By the way, recently, various active suspension devices capable of arbitrarily changing suspension characteristics have been proposed, and have already been put to practical use in some vehicles. In this active suspension device, roll control for suppressing roll of the vehicle body, pitching control for suppressing pitching of the vehicle body, and the like are performed. JP 58
Japanese Patent Application Laid-Open No. -206409 proposes a technique in which the roll stiffness ratio between the front wheel side and the rear wheel side is changed according to the load to optimize the turning characteristics. Japanese Patent Laying-Open No. 61-193908 proposes an apparatus that optimizes the amount of load movement between the front wheels and the rear wheels, that is, the roll rigidity, in accordance with the lateral acceleration acting on the vehicle body. Further, Japanese Unexamined Patent Publication No. 61-181713 discloses that the turning characteristic at the time of turning is changed by changing the distribution amount of the hydraulic fluid to the front wheel-side vehicle height adjusting actuator and the rear wheel-side vehicle height adjusting actuator. There has been proposed a device in which any one of a neutral characteristic, an over-steering characteristic, and an under-steering characteristic can be selected.

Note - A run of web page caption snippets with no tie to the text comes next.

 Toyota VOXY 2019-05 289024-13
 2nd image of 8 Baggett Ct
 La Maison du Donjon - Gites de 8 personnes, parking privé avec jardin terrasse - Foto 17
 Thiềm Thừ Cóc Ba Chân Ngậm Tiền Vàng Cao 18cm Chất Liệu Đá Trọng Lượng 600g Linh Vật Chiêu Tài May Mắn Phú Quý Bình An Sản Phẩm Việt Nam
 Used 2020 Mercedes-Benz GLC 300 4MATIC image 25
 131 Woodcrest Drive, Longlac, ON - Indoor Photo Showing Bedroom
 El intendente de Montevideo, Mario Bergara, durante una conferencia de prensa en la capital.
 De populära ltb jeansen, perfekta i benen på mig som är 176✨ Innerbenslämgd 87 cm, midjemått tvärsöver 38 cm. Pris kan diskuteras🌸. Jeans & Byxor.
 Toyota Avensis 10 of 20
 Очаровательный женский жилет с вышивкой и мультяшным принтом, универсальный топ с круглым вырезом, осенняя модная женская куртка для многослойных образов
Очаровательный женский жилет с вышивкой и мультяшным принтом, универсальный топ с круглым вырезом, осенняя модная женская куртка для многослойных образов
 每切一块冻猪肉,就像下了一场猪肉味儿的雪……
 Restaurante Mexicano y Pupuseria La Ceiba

In the active suspension device described above,
When performing roll control and pitching control, a load change occurs between the front wheel side and the rear wheel side due to pitching,
This change in load in the front-rear direction results in a change in suspension characteristics as described above.
This is undesirable.

The present invention has been made in view of the above circumstances, and an object of the present invention is to provide an active suspension apparatus that performs roll control for suppressing rolls and pitching control for suppressing pitching. It is an object of the present invention to provide a suspension device capable of preventing the deterioration of the suspension.

(Means for Solving the Problems) In order to achieve the above object, the present invention has the following configuration. That is, in a vehicle suspension apparatus in which suspension characteristics are controlled by supplying and discharging a working liquid to and from a liquid cylinder provided between a vehicle body and wheels through a control valve, Roll change detecting means for outputting a detected signal, pitching change detecting means for outputting a signal relating to the pitching change of the vehicle body, and a signal from the roll change detecting means for inputting a signal from the roll change detecting means so as to prevent a roll change of the vehicle body. A roll control unit for calculating a control amount of liquid to be supplied to and discharged from the cylinder; and a signal from the pitching change detecting unit being input, and calculating a control amount of liquid to be supplied to and discharged from the liquid cylinder so as to prevent a pitching change of the vehicle body. A pitching control unit, and a predetermined coefficient value is added to the control amount calculated by the roll control unit. A control amount to change the roll rigidity ratio of the front and rear wheels into a predetermined relationship, and a signal from the roll rigidity control unit and the pitching control unit, and control the two control units. A supply / discharge control means for controlling the supply / discharge of liquid to each liquid cylinder by adding an amount to the coefficient value of the roll stiffness control unit, as the control amount of the pitching control unit increases, the roll stiffness of the front wheel increases. And a correction unit that corrects the roll rigidity to be smaller than the roll rigidity of the rear wheel.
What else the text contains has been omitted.